Le tueur n’est plus autoentrepreneur de « traitements négatifs », mais devenu une sorte de fonctionnaire d’état, ou du moins l’état français est son employeur. Si le choix de ses cibles est donc affaires d’état, selon ses règles, le pourquoi l’indiffère, seul le comment, en bon professionnel, l’intéresse.

Après trois tomes consacrés aux trafics politico-mafieux dans une ville portuaire, le tueur s’est, semble-t-il, mis au vert, dans une région montagneuse qui ressemble aux Cévennes. Mais le calme est de courte durée. Entre trafic d’être humains mené par ses voisins et nouveaux contrats à réaliser, le tueur repart au boulot rapidement. La découverte de violences faites aux enfants, dans les deux cas, semble toucher un point sensible, sur un homme, dont on avait jusqu’alors déceler nulle faille, nulle passion des sentiments. Le tueur semble évoluer dans ce tome en questionnant le pourquoi de son travail et songeant, peut-être, à en changer les règles. Une évolution qu’il sera intéressant de suivre dans le prochain tome.
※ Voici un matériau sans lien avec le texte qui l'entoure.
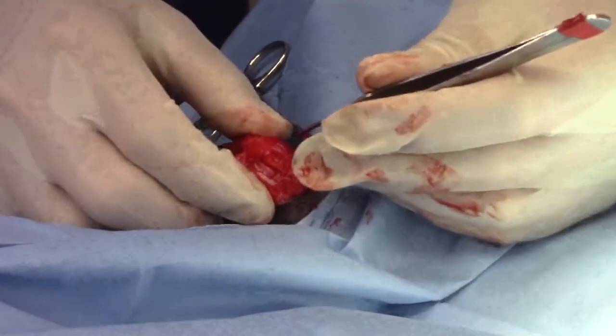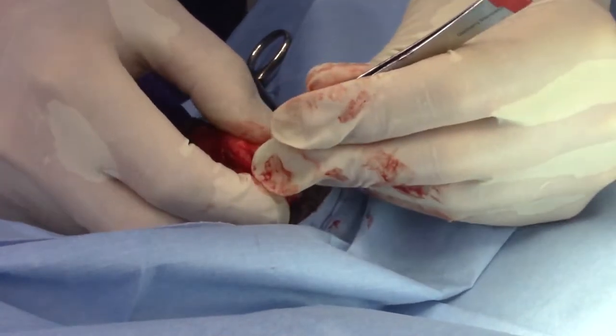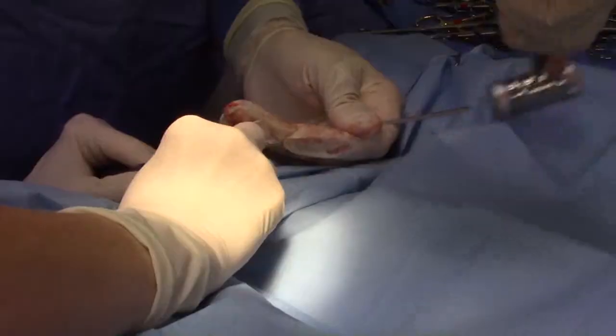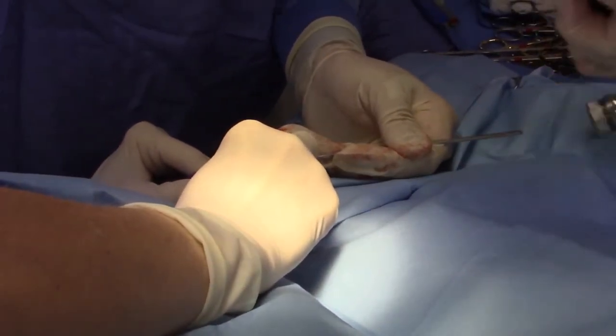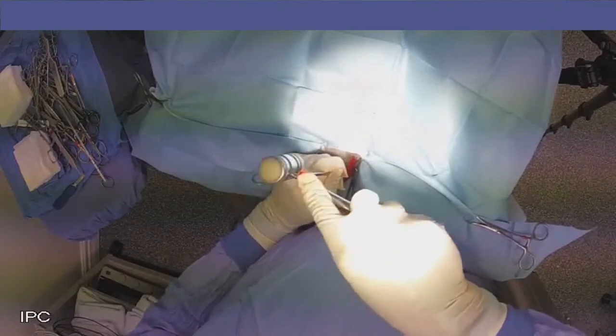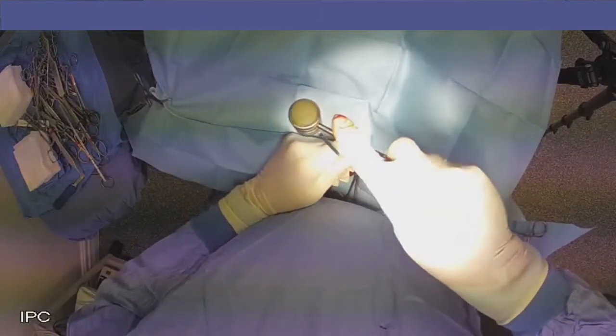Now that I have deepened the trochlear groove, I replace the trochlear block and am pulling the patella back in place where it's supposed to be. We don't need to do anything else to secure the trochlear block in place — that strong patella ligament will hold it in place until it heals.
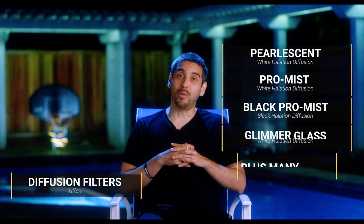Out of all the filters out there, my absolute favorite ones are diffusion filters. There are a lot of different options — pearlescent, promis, black promis, and glimmerglass. I personally love promis the most, followed by glimmerglass. I have glimmerglass in different strengths: eighth, quarter, and five. That's all dependent on how you want your image to look and feel — whether you want the effect to be pretty subtle or more stylized.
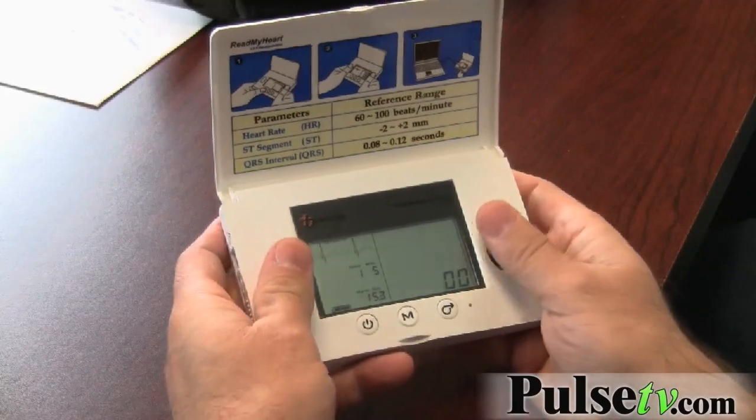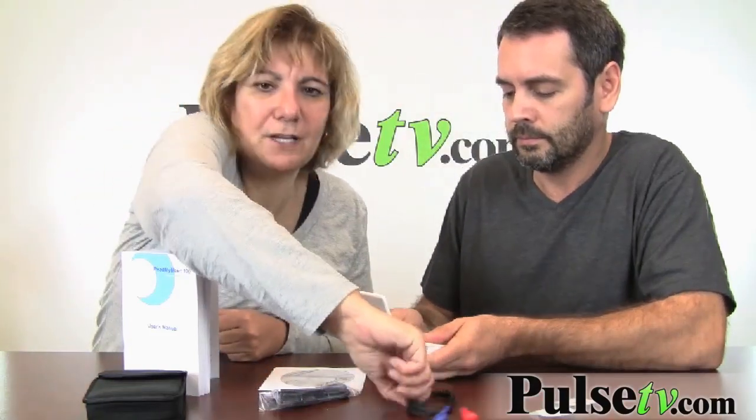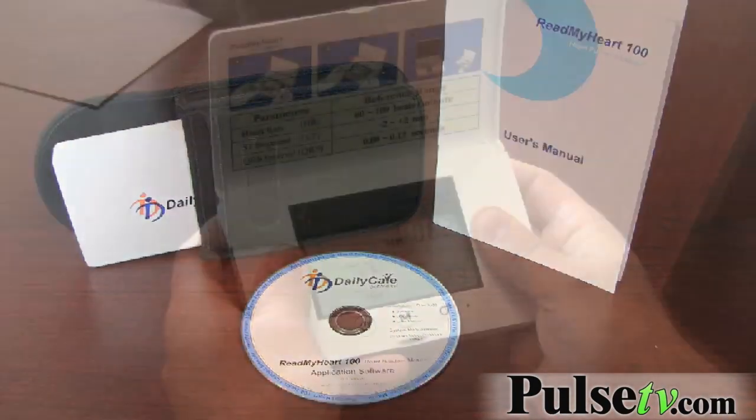You press the start button here and as soon as the monitor lights up you press your thumbs on here — it runs for about 25 to 30 seconds. In case you get a funky reading or can't get a good reading, it also comes with external electrodes that you can hook up to your arm; it explains it all in the booklet.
Le dessin a toujours, selon moi, cet antagonisme apparent d’extrême justesse et détails dans les décors et une efficace simplicité jusqu’à l’épure, dans les traits du personnage principal. Une mention particulière sur le travail des gris teintés de couleur et de lumière de plusieurs cases.

Assez verbeux en voix off, pour un être introverti qui ne lâche que peu de mots à voix haute, quelles que soient les circonstances, le tueur détaille sa vision désabusée du monde. Fier, finalement, du travail qu’il réalise et de sa propre déontologie, il déchire pour le lecteur le voile dont se parent les vérités lues ou entendues dans les médias, pour faire apparaitre le côté obscur de notre démocratie.

Le tueur fait face avec plus de circonspection à une nouvelle affaire d’état, où ses talents d’effaceur de problèmes sont souhaités ; Chemin faisant, il s’interroge sur l’éventualité d’un engagement périphérique pro Bono.

En bref

Le tueur fait face avec plus de circonspection à une nouvelle affaire d’état, où ses talents d’effaceur de problèmes sont souhaités ; Chemin faisant, il s’interroge sur l’éventualité d’un engagement périphérique pro Bono.